We must consider this—we must look at stereotypes—and we must always consider intersectionality: we must check our own privilege. Younger women, ethnic minority women, bisexual women, trans women and disabled women are more likely to be domestically abused. Terry Pratchett wrote:

“Evil begins when you begin to treat people as things.”

But I also think it begins when we remove anyone’s agency or we remove their right to make their own choices. Before we embark on criticising a focus that someone has, we should all check our own actions and we should check our own privilege. We have the ability to fight on behalf of others, but we have that ability because we have our own agency and we have our own rights to make choices. Before we can fight for anyone else, we need to have a measure of privilege that gives us that those options and the energy to do so.
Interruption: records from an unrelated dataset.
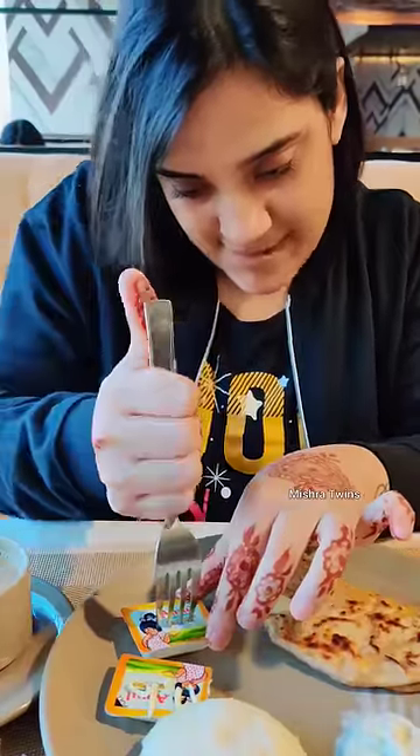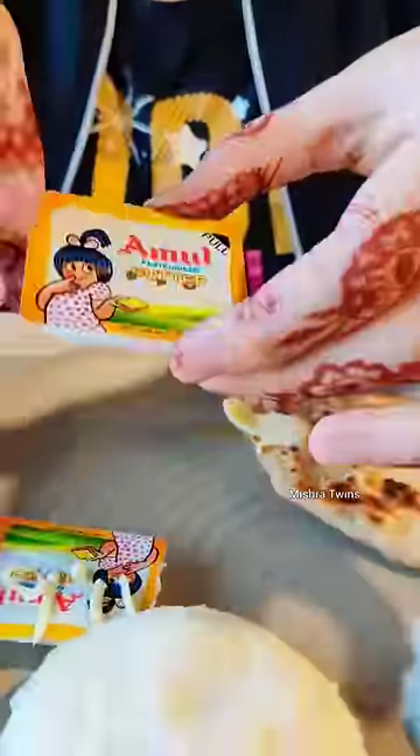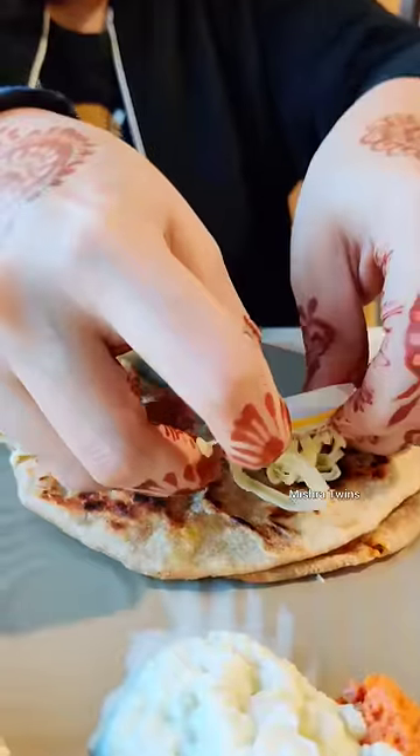What happened is that my butter was melted, because this packet was going to be broken. But if this butter is frozen, then it should be done properly. See here it's leaking, but it's leaking from the sides.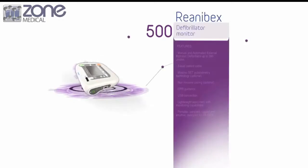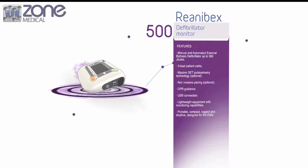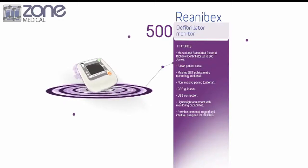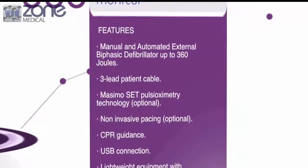Today I'm going to be giving you an introduction on the Renibex 500. This device is a compact, robust and intuitive defibrillator, which is also designed for the emergency services. It incorporates all the necessary characteristics for being used in emergency situations.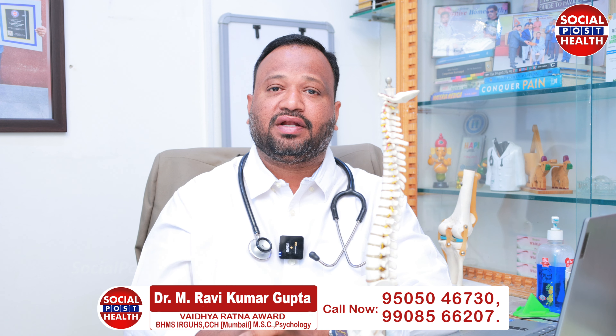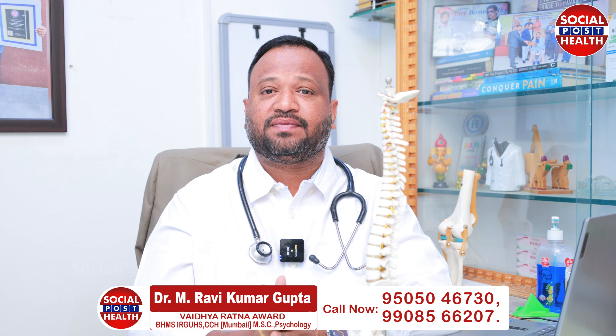Namaskar. I am Dr. Bhavik Kumar. Today we are going to discuss about D&D.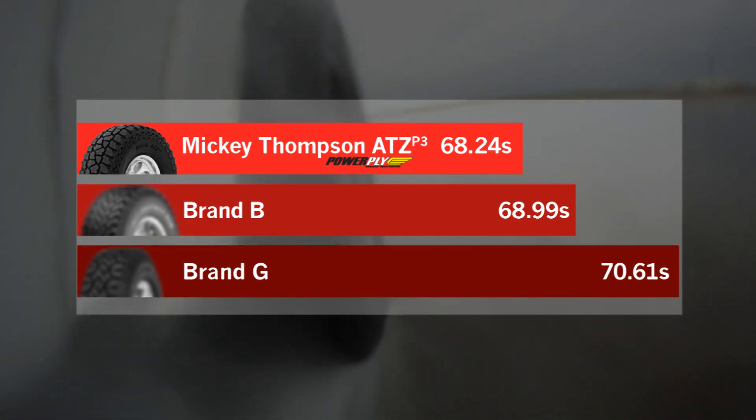This result was achieved even though some of the competitor products have higher rubber-to-void ratios.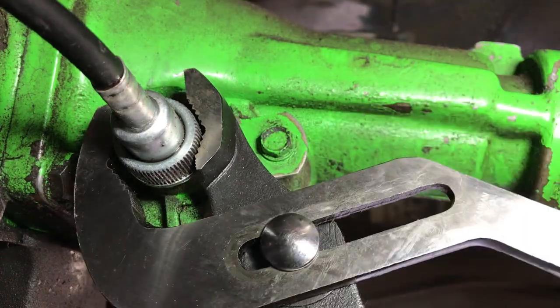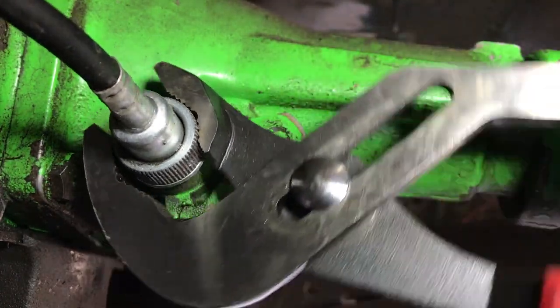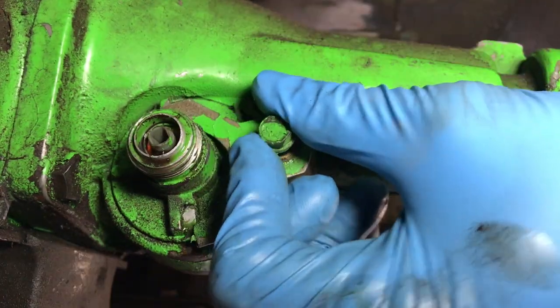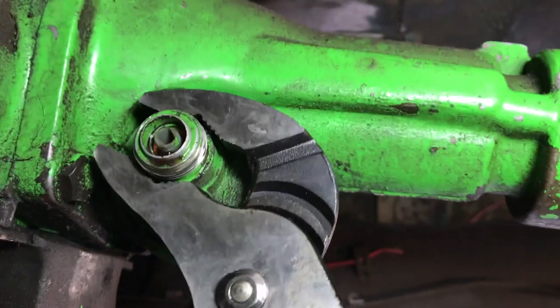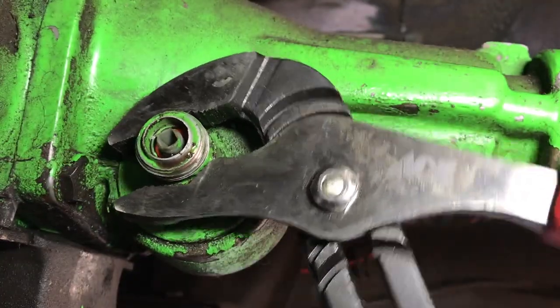First things first, you've got to remove your speedometer cable — you can just use some pliers to kind of wiggle that loose. It should be just snugger than hand tight. Get that up out of the way. Now we need to remove this retainer, and that's just a 10-millimeter bolt. You can use your same pliers to wiggle this thing out of here, but be advised there will be fluid that comes out, so have a bucket ready.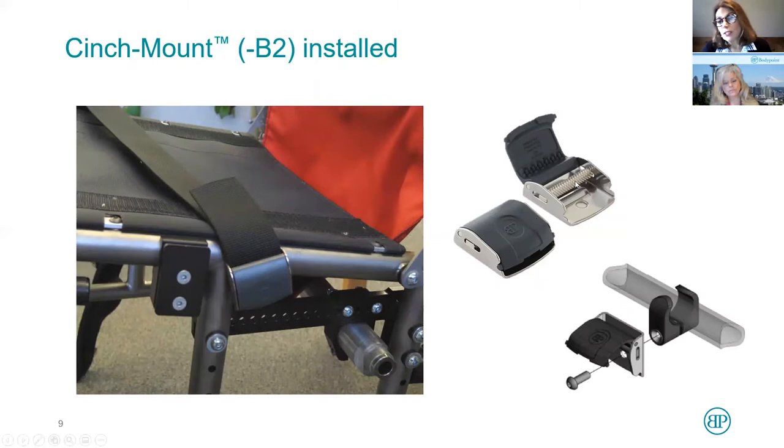Here's the cinch mount in a bigger picture where you can see how it's quite different from a cam buckle. You see this knurled bar, which provides texture against the webbing. There are also teeth in the top of the cinch mount. When you thread the webbing through, adjust it to the length you need for your client, and close it — you'll hear an audible click. You know it's quite secure, and this cinch mount will also pass the standards for postural supports.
The social security system and this UK Government have done what they can to remove that agency and to remove those choices. We can see that by the number of women who have had abortions during the course of this pandemic and have said that the two-child policy and the rape clause have created the financial situation that has forced them into this position. That is horrendous. In Scotland, we are putting dignity and respect at the heart of our social security system. Instead of drowning out the voices of sidelined minority groups with our own concerns, we should be hearing their voices, we should be listening to their voices and we should be amplifying their voices.

Before #MeToo women were experiencing sexual harassment, before George Floyd BAME people were being murdered and before Sarah Everard’s murder women were scared to walk home alone. We should not be waiting until somebody is murdered before taking their voices seriously.